## EXERCISE REQUIREMENTS
Start at the top of the records and, please, print each line exactly through the line that contains "2+2 gratis op", leaving out all pictures.

## Records from a dataset
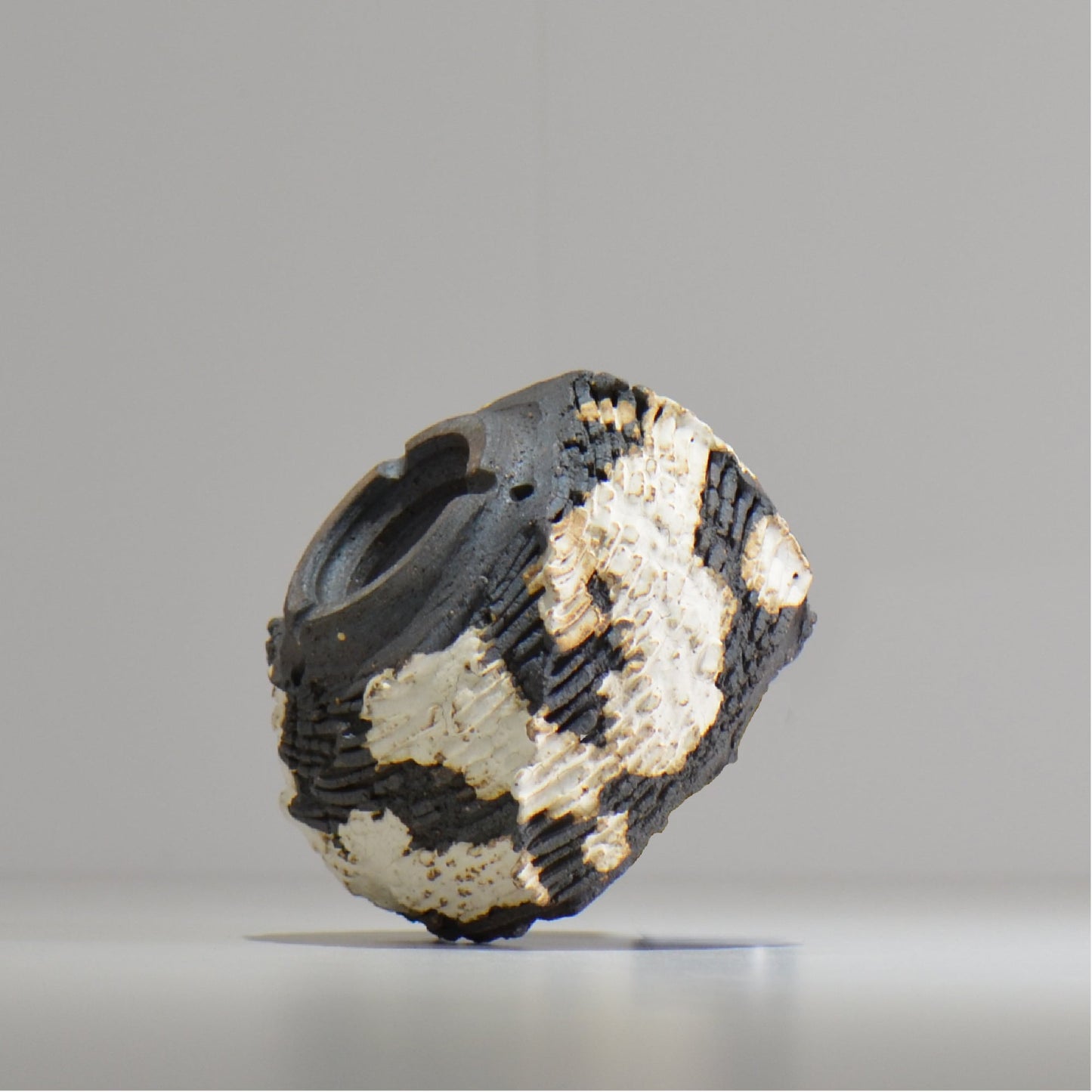 菊地元野 / DANSOU GLOSS ツートン / kg_dt10_s / 約φ9.5cm / 植木鉢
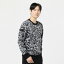 ֥꡼ե ե Ĺµ   BRG233M34 MS CAMO JQ CREW NECK KNIT (BRG233M34)  : ֥å BRIEFING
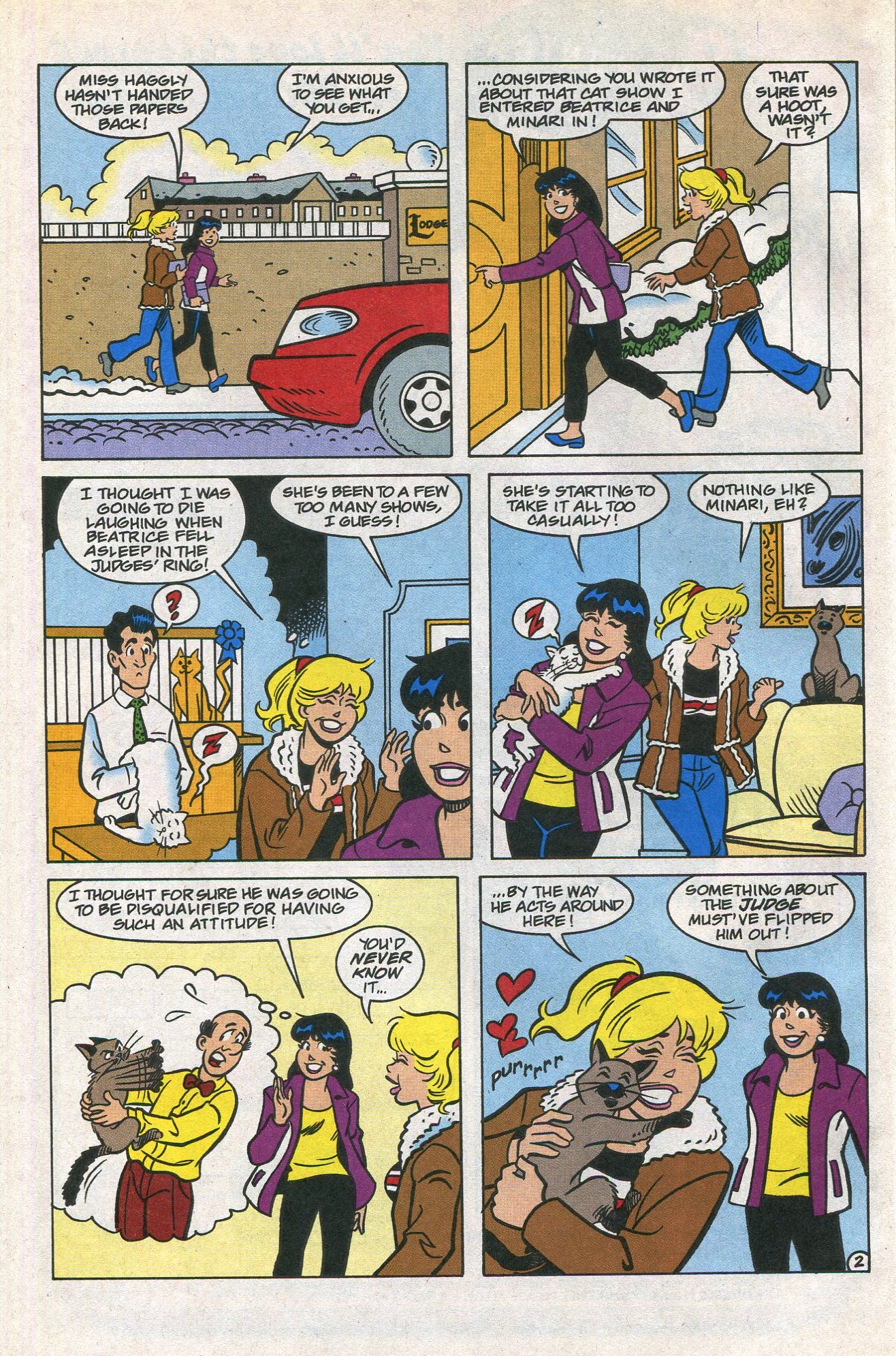 Read online Betty and Veronica (1987) comic -  Issue #214 - 29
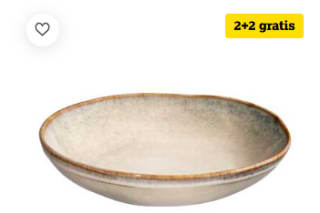 2+2 gratis op alle servies + 15% extra korting bij Leenbakker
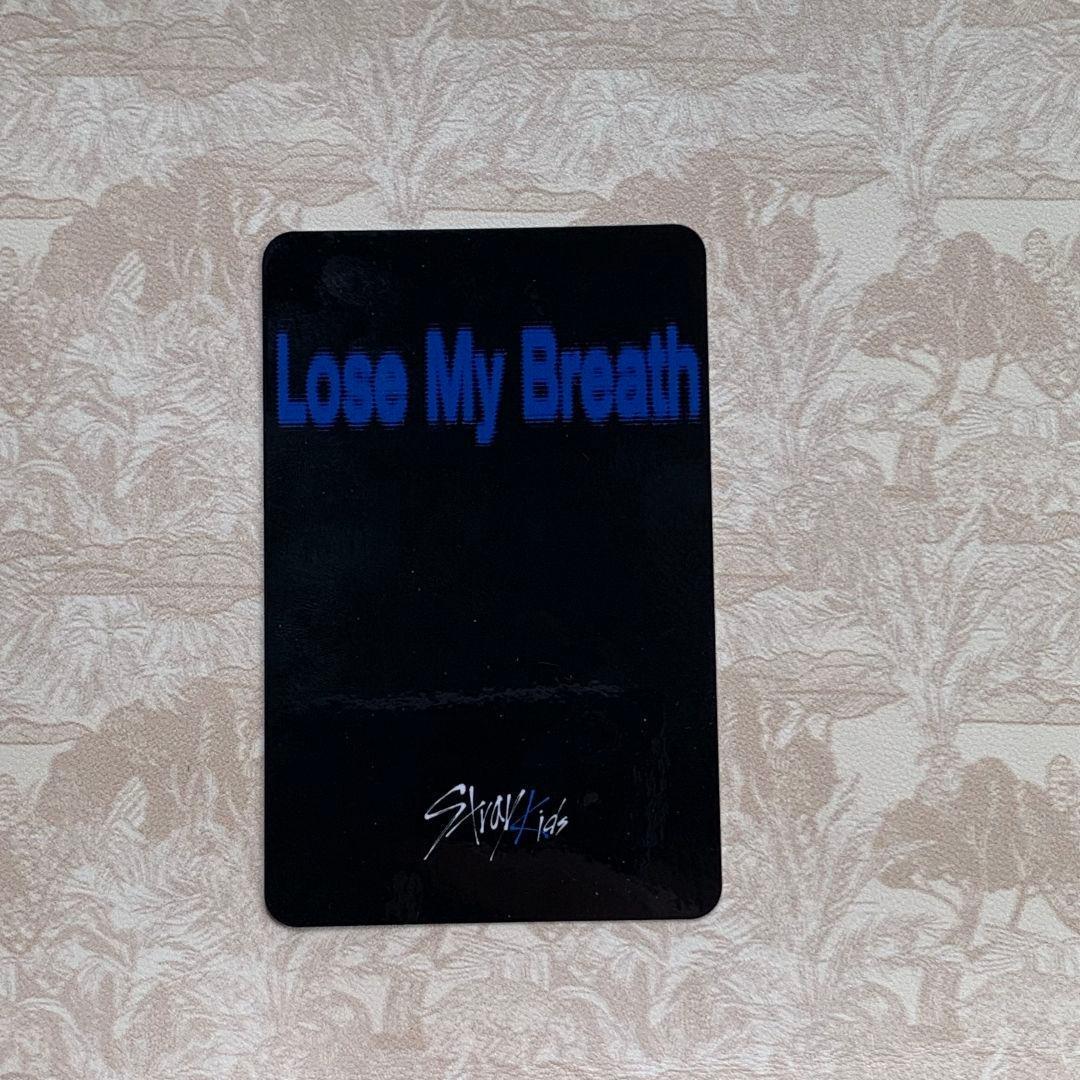 Straykids フィリックス Lose My Breath スキズ トレカ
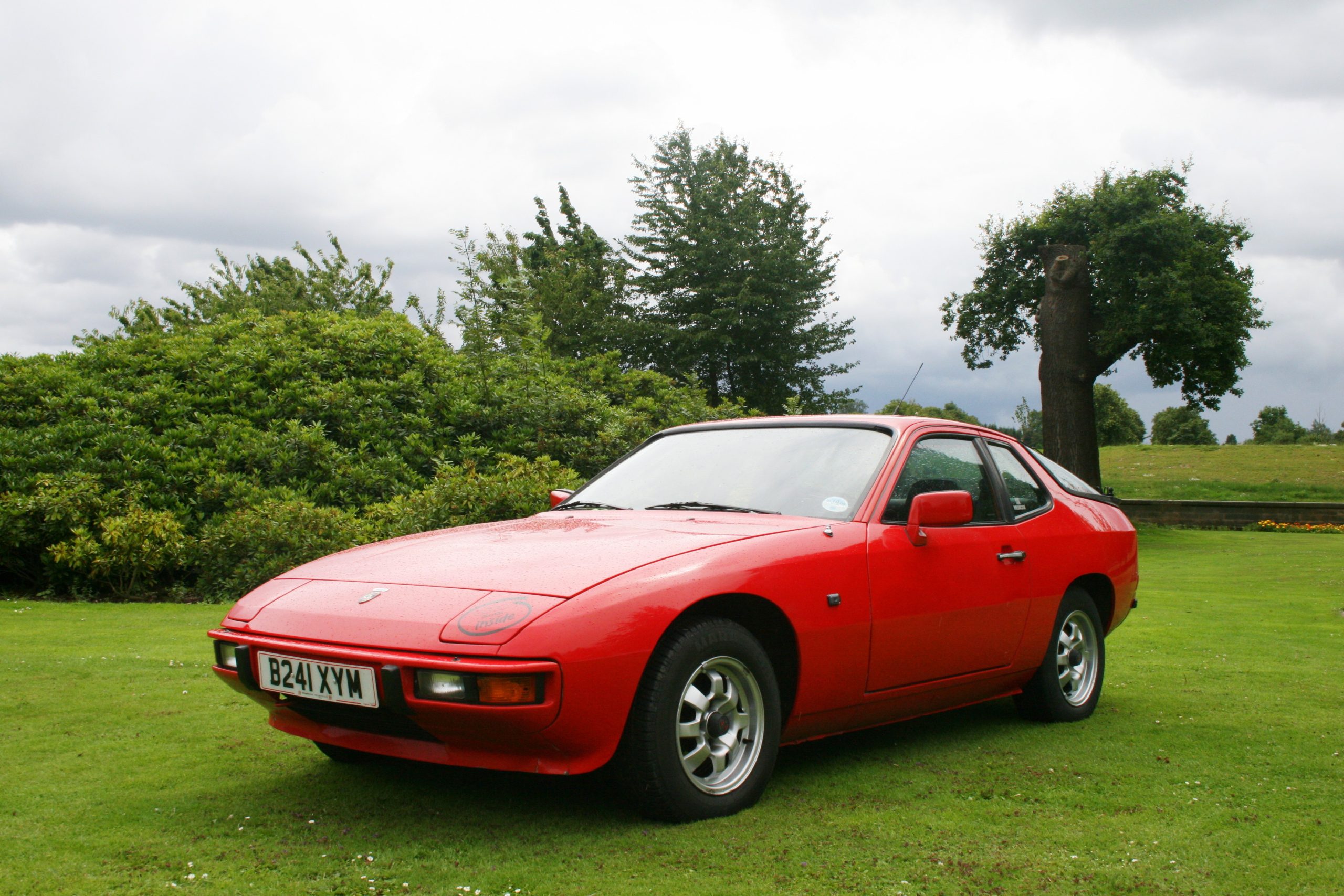 1985 Porsche 924 Option Codes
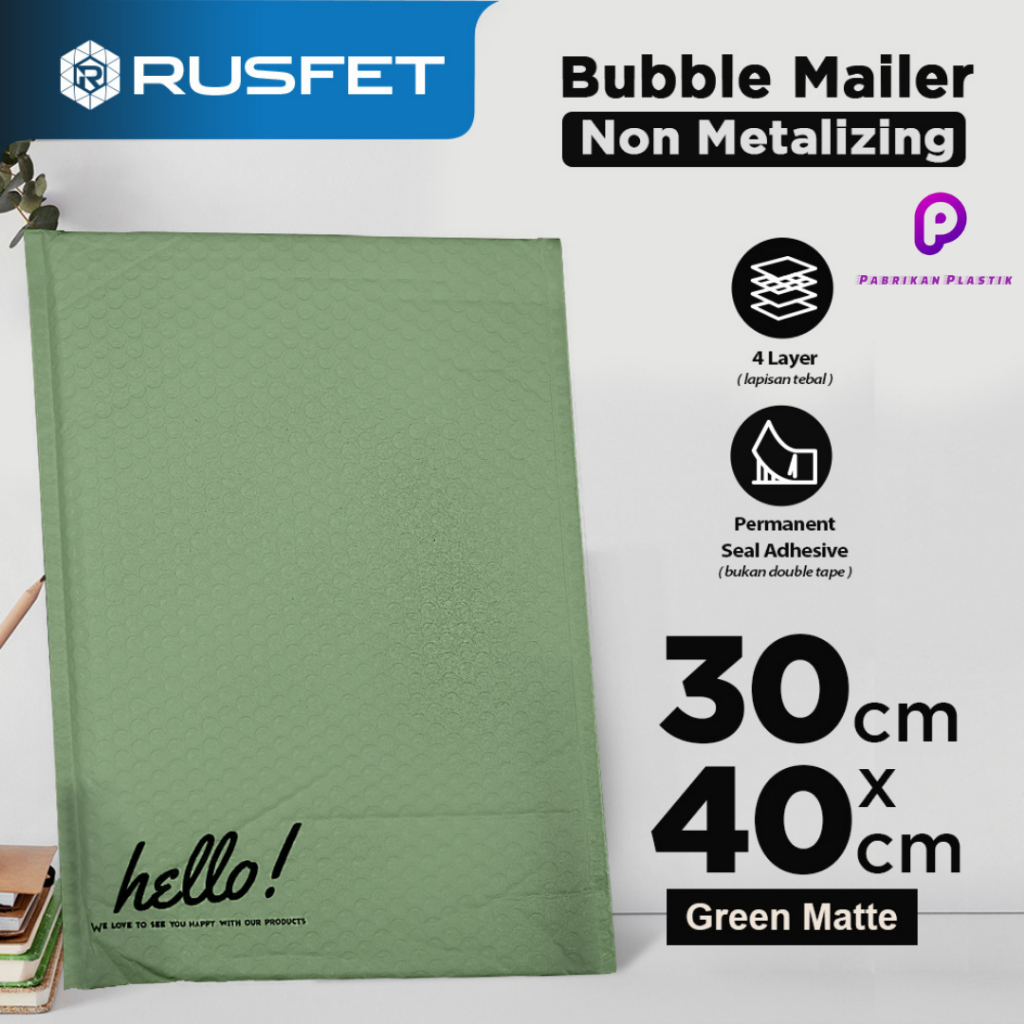 

AMPLOP BUBBLE MURAH | BUBBLE MAILER 30x40 | POLY BUBBLE PACKING OLSHOP RUSFET VARIAN POLOS ANEKA WARNA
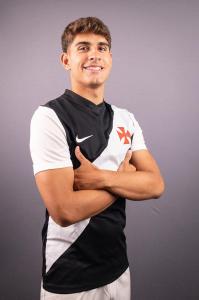 Camisa improvisada da Nike para o Vasco jogar a Copinha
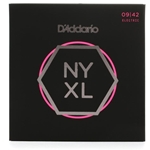 D'Addario NYXL0942 Nickel Wound Electric Guitar Strings, Super Light, 9-42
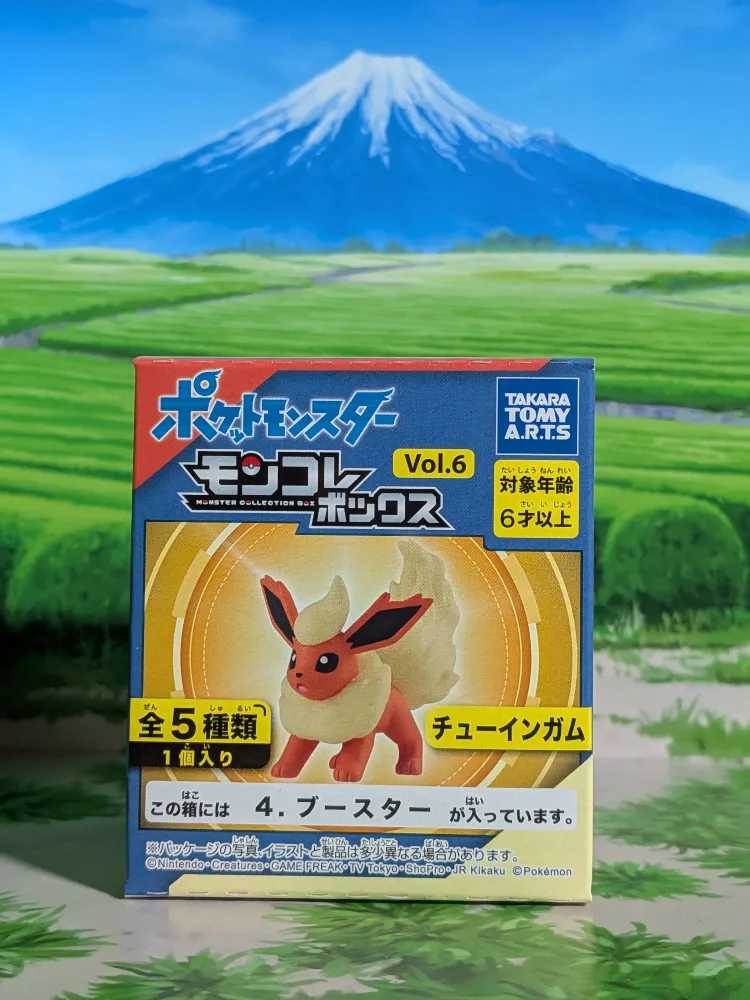 Takara Tomy Arts Moncolle Select Vol.6 - Pyroli | Flareon | Booster (~5cm)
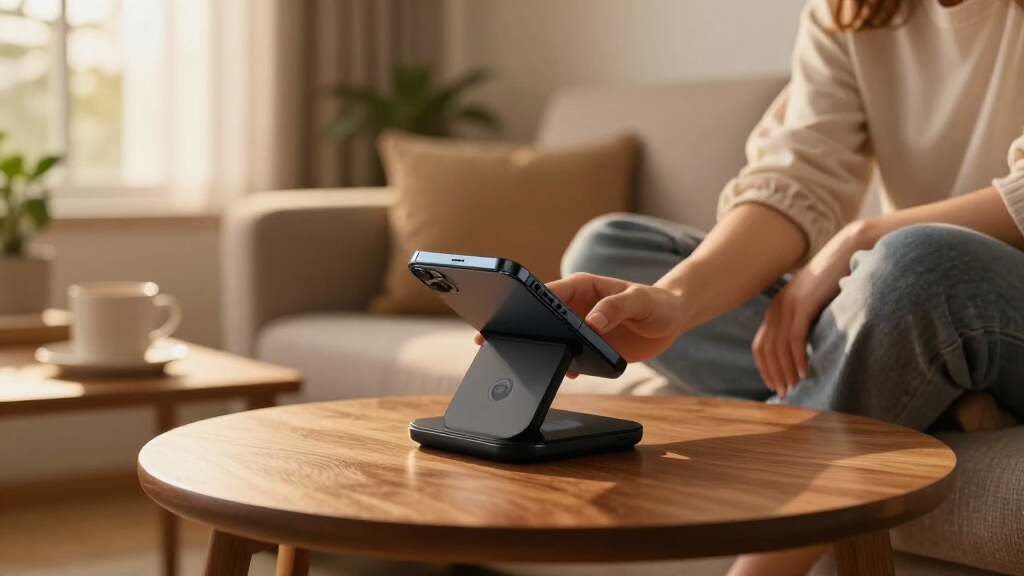 wireless charging stations for smartphones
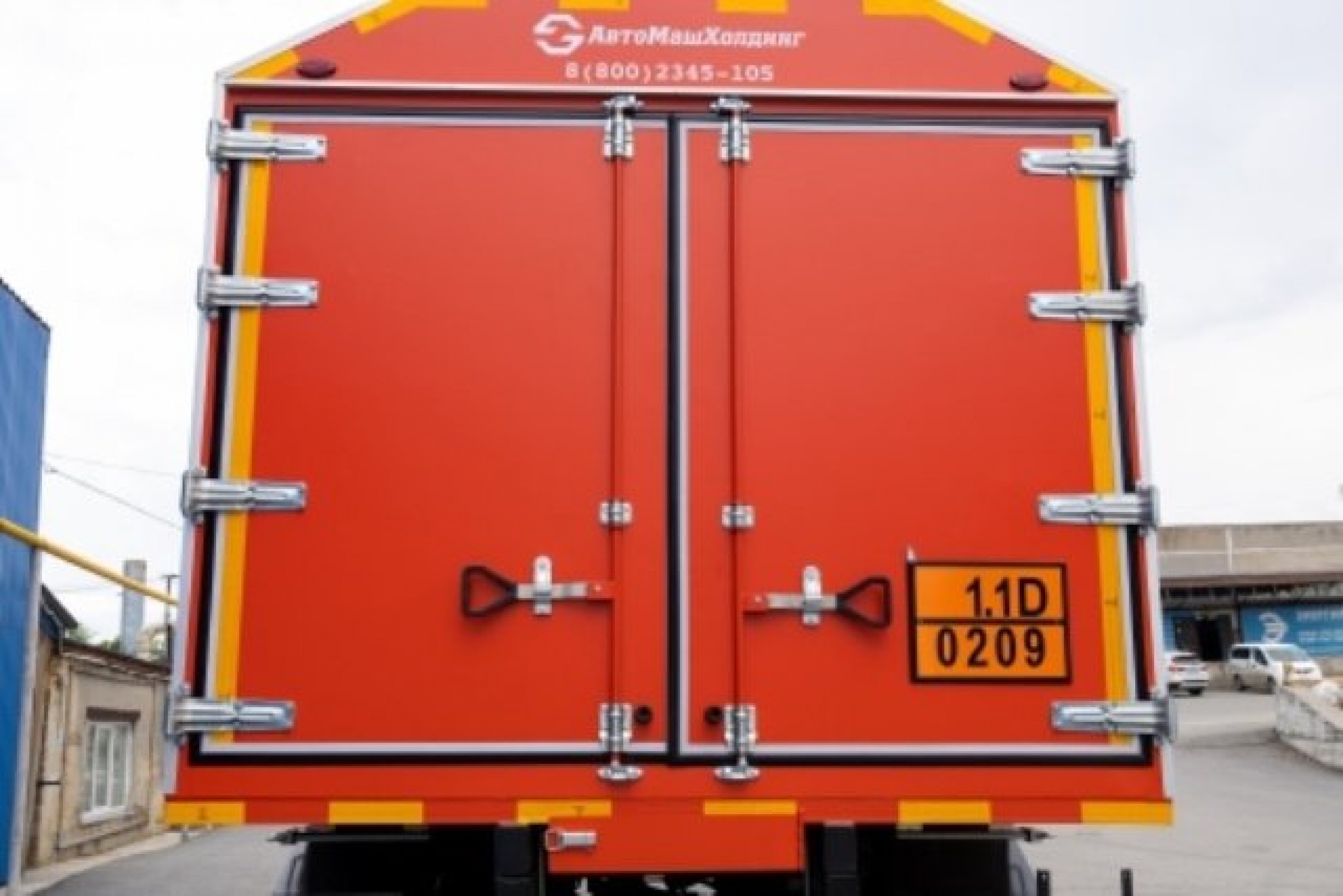 Автомобиль для взрывчатых веществ Урал 4320-60Е5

## EXPECTED OUTPUT
 菊地元野 / DANSOU GLOSS ツートン / kg_dt10_s / 約φ9.5cm / 植木鉢
 ֥꡼ե ե Ĺµ   BRG233M34 MS CAMO JQ CREW NECK KNIT (BRG233M34)  : ֥å BRIEFING
 Read online Betty and Veronica (1987) comic -  Issue #214 - 29
 2+2 gratis op alle servies + 15% extra korting bij Leenbakker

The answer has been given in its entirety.